The initiative which is part of a broad plan to address food shortage in the camps and other settlements of displaced persons, is now delivering assorted grains to internally displaced (through over 1000 trucks) and already have reached 12, 691 households in Borno state since the flag off by the Acting President on June 8.
According to the update presented by the implementation team, the issue of diversion of relief materials including food and related matters which has dogged food delivery to the IDPs would be significantly curbed under the new distribution matrix adopted under the initiative.
Having listened to a presentation from the team overseeing the Special Relief Intervention, at the Presidential Villa in the company of National Assembly members from the northeast, the Acting President described the initiative as “a unique operation that promises to deliver on a well laid out plan, assuring all that the process would remain transparent and the objectives fully actualized’’.
He added that aside the emergency food distribution, “Government will deliver on a wholistic plan that includes empowerment because empowerment is an important feature of the relief intervention.’’
The Acting President said though “the problems are immense and huge, especially when the enormity of the problem is compared to available resources,’’ the Federal Government remains determined to deliver humanitarian aid through a process that is transparent and effective.
Osinbajo solicited the support of the National Assembly especially from members representing the region, to enable government realise its objective of maintaining an effective humanitarian service delivery, led by the Nigerian government.
In his own words; “we must support this team because a lot of attention is focused on us especially including from the international community."
“We need to be responsible and do this efficiently, and monitor performance on a regular basis. It is a good opportunity to prove that we can handle these efforts very well,’’ Prof. Osinbajo added.
A total of 656 armed police personnel would be involved in the movement of assorted grains from various reserves across the country to designated NEMA warehouses in the North-East for onward distribution to beneficiaries.

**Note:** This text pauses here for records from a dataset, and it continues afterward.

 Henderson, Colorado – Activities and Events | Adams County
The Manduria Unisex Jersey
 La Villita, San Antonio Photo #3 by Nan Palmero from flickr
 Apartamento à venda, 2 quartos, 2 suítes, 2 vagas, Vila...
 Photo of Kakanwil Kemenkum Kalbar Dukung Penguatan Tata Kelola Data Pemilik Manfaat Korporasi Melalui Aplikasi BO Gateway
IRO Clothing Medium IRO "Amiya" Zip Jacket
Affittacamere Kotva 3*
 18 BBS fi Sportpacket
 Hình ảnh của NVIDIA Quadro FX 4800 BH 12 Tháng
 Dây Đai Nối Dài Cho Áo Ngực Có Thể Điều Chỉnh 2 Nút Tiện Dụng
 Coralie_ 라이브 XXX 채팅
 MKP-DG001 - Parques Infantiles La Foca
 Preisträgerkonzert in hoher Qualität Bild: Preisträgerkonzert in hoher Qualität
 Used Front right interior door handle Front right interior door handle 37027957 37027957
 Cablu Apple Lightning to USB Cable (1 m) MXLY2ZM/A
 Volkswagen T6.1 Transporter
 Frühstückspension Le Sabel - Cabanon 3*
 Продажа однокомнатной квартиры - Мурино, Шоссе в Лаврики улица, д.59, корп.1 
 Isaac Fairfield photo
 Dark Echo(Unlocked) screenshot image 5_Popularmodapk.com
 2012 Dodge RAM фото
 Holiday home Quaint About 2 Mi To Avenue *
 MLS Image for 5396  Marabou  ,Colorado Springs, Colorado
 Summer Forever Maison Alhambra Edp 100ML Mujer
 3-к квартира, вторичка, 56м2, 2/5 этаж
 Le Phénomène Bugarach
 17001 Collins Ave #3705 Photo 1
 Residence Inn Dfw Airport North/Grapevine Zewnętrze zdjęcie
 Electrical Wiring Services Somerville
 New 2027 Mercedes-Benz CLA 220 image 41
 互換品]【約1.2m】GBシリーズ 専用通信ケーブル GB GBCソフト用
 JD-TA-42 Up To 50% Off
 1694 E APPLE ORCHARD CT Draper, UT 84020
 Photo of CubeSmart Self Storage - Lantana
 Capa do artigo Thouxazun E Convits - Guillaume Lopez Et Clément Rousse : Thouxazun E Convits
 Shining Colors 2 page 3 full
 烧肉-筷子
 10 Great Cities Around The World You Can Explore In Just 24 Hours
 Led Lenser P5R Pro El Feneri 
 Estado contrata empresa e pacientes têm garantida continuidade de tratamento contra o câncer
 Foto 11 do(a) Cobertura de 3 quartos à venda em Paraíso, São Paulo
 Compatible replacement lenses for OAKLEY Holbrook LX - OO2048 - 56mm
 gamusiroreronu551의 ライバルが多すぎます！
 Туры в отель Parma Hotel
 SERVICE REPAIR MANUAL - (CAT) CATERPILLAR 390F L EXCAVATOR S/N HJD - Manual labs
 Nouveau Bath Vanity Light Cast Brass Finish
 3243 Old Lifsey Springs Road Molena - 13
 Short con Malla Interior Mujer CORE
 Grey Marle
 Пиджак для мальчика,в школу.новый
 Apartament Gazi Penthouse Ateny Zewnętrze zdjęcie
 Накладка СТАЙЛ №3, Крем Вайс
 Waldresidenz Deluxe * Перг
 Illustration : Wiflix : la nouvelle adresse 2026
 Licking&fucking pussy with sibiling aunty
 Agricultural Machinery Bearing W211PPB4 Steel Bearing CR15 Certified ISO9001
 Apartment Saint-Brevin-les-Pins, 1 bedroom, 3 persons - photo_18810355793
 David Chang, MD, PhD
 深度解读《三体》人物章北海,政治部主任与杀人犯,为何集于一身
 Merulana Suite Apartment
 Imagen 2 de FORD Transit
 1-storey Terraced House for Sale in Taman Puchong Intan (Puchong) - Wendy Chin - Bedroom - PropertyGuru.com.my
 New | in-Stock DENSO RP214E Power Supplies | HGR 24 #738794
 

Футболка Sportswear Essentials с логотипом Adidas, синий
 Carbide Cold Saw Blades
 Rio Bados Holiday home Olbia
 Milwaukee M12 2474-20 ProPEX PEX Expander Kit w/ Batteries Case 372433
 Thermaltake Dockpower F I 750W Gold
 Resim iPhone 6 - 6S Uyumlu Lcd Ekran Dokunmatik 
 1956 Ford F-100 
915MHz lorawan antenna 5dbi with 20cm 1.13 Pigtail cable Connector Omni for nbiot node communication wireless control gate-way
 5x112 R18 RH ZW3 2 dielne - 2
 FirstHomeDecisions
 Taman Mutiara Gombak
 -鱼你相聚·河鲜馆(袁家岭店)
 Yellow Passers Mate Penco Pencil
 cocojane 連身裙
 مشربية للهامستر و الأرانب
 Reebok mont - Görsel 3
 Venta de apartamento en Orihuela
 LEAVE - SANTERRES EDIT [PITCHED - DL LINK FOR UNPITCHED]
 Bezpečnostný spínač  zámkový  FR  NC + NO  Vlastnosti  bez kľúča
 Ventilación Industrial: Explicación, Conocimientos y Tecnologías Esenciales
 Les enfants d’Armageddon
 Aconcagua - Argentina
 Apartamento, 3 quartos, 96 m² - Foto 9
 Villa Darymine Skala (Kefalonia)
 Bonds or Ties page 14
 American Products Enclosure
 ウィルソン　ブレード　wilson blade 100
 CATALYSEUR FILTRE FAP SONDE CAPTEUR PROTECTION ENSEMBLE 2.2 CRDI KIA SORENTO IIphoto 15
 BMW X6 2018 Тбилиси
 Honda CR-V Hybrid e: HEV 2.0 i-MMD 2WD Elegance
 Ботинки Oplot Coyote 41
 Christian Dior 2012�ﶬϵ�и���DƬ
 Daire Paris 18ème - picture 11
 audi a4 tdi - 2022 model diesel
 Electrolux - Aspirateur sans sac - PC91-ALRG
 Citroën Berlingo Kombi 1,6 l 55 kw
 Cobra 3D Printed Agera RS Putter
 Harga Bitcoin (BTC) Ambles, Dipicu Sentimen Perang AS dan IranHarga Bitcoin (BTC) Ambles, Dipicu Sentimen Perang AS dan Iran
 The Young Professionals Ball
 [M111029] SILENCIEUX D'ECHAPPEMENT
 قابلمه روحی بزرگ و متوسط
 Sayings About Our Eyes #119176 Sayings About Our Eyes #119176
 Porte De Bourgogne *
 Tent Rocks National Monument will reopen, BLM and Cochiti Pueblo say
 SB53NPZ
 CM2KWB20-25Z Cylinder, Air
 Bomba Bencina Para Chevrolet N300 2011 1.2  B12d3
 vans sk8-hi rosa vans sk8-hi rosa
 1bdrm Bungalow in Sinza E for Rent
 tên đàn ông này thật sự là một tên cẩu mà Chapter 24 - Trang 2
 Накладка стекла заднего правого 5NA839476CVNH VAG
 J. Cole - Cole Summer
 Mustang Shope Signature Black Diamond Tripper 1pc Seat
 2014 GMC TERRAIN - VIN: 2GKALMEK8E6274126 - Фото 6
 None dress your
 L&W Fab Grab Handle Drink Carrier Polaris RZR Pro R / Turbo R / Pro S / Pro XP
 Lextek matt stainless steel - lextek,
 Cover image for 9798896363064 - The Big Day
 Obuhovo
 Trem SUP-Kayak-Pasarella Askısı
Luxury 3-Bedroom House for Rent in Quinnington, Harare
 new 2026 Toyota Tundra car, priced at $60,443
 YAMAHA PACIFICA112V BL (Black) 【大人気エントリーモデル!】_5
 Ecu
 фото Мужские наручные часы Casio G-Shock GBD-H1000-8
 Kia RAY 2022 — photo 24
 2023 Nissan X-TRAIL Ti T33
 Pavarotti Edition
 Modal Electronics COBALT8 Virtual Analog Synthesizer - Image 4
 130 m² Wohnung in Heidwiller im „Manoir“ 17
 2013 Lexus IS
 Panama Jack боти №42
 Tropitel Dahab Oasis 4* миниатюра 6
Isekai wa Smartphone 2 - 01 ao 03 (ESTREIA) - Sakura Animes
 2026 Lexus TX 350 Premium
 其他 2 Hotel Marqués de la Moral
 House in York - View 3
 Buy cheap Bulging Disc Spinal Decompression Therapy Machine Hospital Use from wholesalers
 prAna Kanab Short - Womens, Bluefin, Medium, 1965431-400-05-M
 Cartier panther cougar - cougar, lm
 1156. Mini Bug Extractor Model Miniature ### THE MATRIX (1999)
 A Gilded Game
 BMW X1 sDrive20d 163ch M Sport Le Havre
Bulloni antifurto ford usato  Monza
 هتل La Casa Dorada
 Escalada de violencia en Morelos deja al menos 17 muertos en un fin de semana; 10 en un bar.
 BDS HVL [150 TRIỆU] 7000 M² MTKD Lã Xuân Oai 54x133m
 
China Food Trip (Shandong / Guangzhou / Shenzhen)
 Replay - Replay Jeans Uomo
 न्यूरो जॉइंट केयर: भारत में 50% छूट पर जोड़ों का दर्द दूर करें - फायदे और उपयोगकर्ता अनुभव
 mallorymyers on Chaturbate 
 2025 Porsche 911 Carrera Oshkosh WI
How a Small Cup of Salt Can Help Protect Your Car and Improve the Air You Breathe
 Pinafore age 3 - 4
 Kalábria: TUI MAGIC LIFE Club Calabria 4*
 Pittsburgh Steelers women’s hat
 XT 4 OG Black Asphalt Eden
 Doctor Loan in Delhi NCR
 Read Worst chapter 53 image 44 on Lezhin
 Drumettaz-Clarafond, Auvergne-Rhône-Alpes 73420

Another 1,376 military personnel would escort the grains to some IDPs in the hinterlands across the affected states of Borno, Adamawa and Yobe.
However, lawmakers present at the meeting made observations about the mode of intervention and the kind of aid provided to the IDPs.
Some of the lawmakers called for the integration of empowerment and provision of agricultural inputs as part of aid provided to the IDPs, under the present phase of the Federal Government intervention.
The new distribution matrix would entail moving grains from the reserves to the NEMA warehouses for onward distribution to camp stores and to the beneficiaries’ door posts.